Core Tip: Noise Reduction Set onlyMainContent: true. Firecrawl uses its AI models to automatically identify and keep the main content while stripping away navigation, footers, sidebars, and ads, significantly reducing Token consumption for downstream processing.

5.2 Handling Dynamic Content (JS Rendering)

Modern websites are often powered by React or Vue and require waiting for JS to execute. Use the waitFor parameter (in milliseconds):

{
  "url": "https://example.com",
  "formats": ["markdown"],
  "waitFor": 3000
}

Recommendation: 3000ms for standard pages, 5000-10000ms for complex SPA applications.

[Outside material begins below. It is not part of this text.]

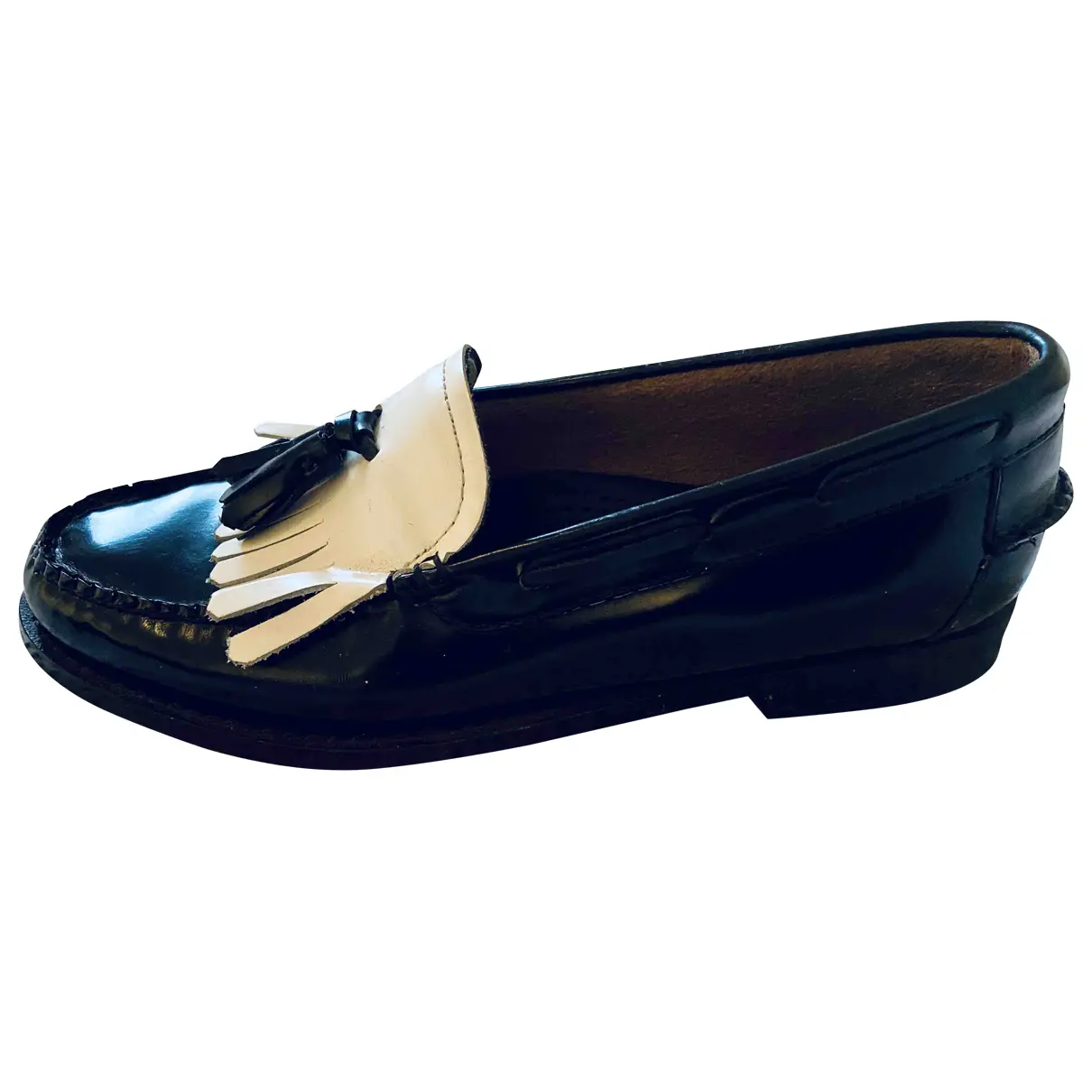 Patent leather flats Bass Weejun
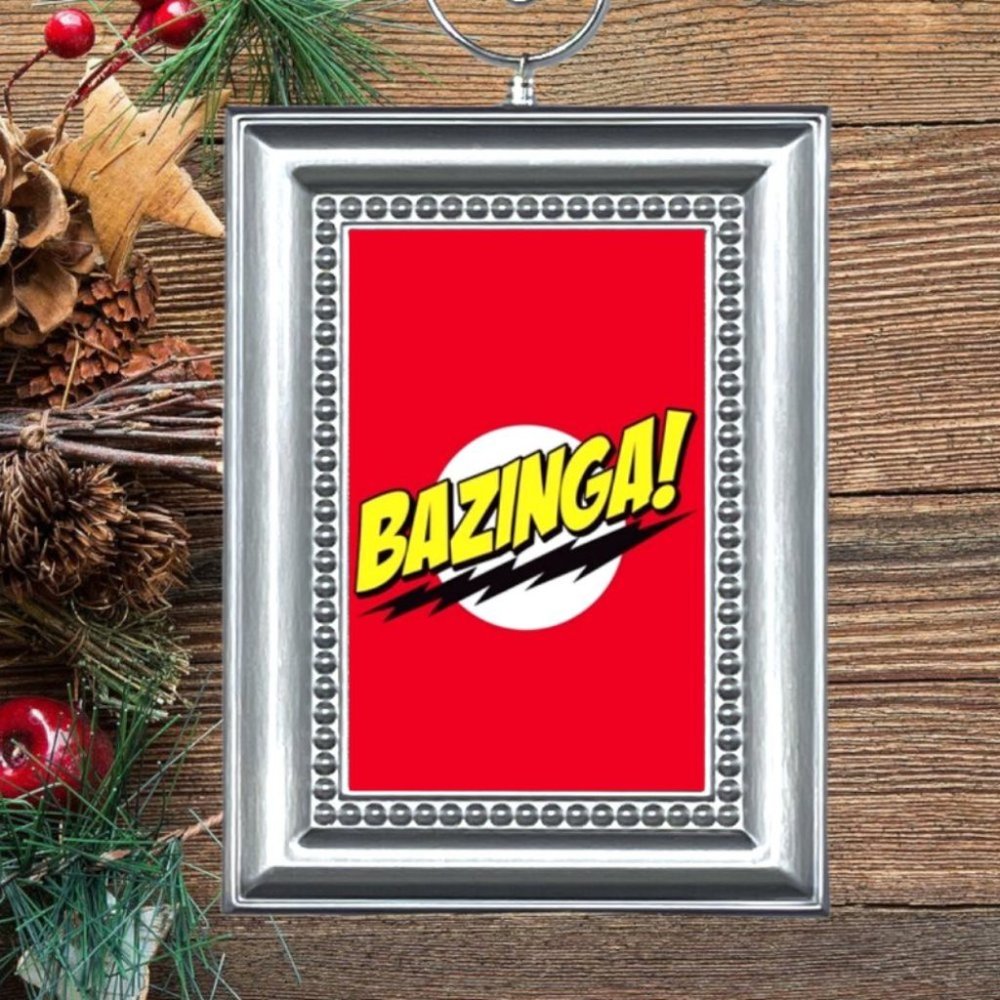 The Big Bang Theory Sheldon Cooper BAZINGA Christmas Tree Ornament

5.3 Precision Control: Tag Filtering

If you only need specific parts of a page (like product lists or comment sections), use:

includeTags: Only include specified CSS selectors.
excludeTags: Exclude unwanted elements.

Example:

"includeTags": ["article.product-card", ".price-section"],
"excludeTags": ["aside", ".recommended-ads"]

5.4 Chained Actions

Before scraping the content, you can direct the browser to perform a series of actions:

wait: Pause for a set time.
scroll: Scroll up or down (triggers lazy loading).
click: Click buttons or links.
write / press: Type text and press keys.

Practical Case: Scroll twice and take a screenshot

"actions": [
  { "type": "scroll", "direction": "down" },
  { "type": "wait", "milliseconds": 1000 },
  { "type": "scroll", "direction": "down" },
  { "type": "screenshot" }
]

5.5 Proxy and Anti-Scraping Modes

Choose the right proxy strategy based on the target website's protection level:

basic: Default mode, suitable for standard sites without anti-scraping measures.
stealth: Simulates real browser fingerprints to bypass basic detection.
enhanced: Strongest mode. Uses a global residential proxy pool specifically to combat heavy anti-scraping tools like Cloudflare.
auto: The system automatically selects the best mode based on the target site's response.